In the IOE&IT Daily Update’s latest round-up of African trade news, we cover a new single trade window for digital services, the recent Kenyan-EU trade deal and a new series of initiatives aimed to increase the continent’s trade capacity.
African trade portal
The African Export-Import Bank (Afreximbank) has launched a single electronic trade window bringing together key parts of Africa’s digital ecosystem. It is part of a wider plan to support and promote the implementation of the African Continental Free Trade Agreement (AfCFTA).
Named the Africa Trade Gateway (ATG), it gives traders access to five digital platforms on topics such as due diligence, payments and e-commerce.
“Each one of our digital interventions is designed to address clearly identified challenges and barriers for those seeking to engage in African trade and investment,” said Kanayo Awani, executive vice president of the Intra-African Trade Bank.
AfCFTA was signed in 2018 to create a single African market for goods and services, and digitalisation is vital to this process, reports Global Trade Review.
Trade insurance for Africa
Afreximbank has also launched an insurance management offering (Afrexinsure) to develop the domestic insurance markets in Nigeria and other African countries.
The bank said the product was designed to create a comprehensive offering of trade solutions that align with African needs and would ensure premiums and capital remain on the continent.
According to a press release, insurance penetration is relatively low in Africa compared to other continents.
The project will not only look to reverse this trend, but is also hoped to have a similar effect in states in the Caribbean.
Kenya-EU deal
The EU has agreed a trade deal with Kenya, the bloc’s first with an African nation since Ghana in 2016.
Kenya will gain duty-free, quota-free access to the EU market for all its exports – including coffee, flowers and minerals – reports the FT.
The Interim Economic Partnership Agreement (IEPA) will see Kenya gradually open its market to more EU imports.

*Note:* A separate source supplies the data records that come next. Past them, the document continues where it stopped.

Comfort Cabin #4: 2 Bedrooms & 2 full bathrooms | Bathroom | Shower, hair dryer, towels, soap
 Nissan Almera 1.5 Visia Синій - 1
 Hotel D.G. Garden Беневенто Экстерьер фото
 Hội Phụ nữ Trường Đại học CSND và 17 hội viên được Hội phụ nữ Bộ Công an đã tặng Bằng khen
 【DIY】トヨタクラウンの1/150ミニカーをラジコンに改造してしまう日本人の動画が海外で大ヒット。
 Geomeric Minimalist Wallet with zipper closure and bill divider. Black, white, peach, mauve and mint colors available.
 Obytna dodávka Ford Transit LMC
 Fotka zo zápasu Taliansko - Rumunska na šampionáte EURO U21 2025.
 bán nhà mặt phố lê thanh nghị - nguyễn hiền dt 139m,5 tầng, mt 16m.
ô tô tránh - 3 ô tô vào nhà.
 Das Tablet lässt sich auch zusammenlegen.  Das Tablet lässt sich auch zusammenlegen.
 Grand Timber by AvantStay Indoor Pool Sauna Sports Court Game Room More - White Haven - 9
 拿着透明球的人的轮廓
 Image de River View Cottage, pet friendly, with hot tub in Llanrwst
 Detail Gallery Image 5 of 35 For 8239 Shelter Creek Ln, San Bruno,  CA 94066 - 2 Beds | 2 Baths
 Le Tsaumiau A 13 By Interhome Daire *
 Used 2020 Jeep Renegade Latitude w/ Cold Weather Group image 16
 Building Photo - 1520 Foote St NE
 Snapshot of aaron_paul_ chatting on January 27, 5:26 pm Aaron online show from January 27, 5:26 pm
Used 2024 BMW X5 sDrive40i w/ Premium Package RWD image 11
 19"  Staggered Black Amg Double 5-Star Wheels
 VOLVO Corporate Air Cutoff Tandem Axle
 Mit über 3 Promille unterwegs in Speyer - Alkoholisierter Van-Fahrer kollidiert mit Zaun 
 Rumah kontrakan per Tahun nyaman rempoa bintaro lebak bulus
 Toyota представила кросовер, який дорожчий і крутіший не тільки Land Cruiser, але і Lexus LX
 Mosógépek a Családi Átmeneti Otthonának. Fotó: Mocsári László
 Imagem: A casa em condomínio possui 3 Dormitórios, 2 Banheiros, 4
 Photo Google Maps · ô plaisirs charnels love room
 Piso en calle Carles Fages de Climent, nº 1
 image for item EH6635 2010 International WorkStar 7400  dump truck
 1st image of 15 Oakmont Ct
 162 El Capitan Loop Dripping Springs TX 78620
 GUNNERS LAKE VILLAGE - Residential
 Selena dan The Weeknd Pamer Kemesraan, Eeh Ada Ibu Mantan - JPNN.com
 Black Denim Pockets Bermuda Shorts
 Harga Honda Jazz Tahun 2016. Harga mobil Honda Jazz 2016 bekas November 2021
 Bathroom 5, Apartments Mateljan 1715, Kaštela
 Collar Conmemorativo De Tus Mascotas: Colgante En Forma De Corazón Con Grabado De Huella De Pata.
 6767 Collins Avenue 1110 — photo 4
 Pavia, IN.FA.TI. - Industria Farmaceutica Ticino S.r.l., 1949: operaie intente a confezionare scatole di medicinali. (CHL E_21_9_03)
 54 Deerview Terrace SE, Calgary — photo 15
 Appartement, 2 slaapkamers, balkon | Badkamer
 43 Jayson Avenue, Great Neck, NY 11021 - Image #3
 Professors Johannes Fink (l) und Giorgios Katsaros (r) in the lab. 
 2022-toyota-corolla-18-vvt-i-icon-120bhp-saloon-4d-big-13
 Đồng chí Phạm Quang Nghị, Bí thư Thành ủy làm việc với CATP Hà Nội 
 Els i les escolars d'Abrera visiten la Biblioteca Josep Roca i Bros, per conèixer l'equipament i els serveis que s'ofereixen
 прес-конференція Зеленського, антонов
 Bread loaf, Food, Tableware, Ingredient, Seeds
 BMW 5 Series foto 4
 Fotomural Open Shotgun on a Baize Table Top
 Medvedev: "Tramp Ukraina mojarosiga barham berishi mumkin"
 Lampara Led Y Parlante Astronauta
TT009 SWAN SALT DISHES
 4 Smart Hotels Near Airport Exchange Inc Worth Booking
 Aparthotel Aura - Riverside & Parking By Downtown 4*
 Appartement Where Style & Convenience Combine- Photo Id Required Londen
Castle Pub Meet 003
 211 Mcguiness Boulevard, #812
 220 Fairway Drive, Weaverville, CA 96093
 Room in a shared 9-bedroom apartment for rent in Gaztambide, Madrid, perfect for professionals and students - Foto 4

The Kenyan government has also agreed to commitments on environmental protection, climate and labour rights.
Some trade organisations are pushing for Kenya to rescind the agreement with the EU, reports the African Post. According to the BBC, Kenya had signed a deal with the EU in 2016 but most of the other members of the East African Community (EAC), such as Rwanda and Burundi, have refused to sign it.
Backers of the deal claim that Kenya had to strike its own agreement or risk losing access to the EU, as it is the only EAC member that falls in the category of “emerging” country while the rest fall into the “least developed” grouping, whose exports could continue to enter the EU market without a deal.
$700m borders plan
Trade facilitation body, TradeMark Africa (TMA), has announced a seven-year $700m plan to support further initiatives aimed at making trade more inclusive, green and digital.
TMA wants to reduce the costs of trade and increase its efficiency. The eventual goal is to boost Africa’s share of exports as a percentage of global trade by 4% and the value of its exports from $500bn to $650bn.
The scheme purportedly supports implementation of AfCFTA, as well as the decarbonisation of logistics, and promotes automated border systems.
TMA says it will deepen its work on select corridors in the continent with a focus on reducing the time and cost it takes to trade across borders by 15%.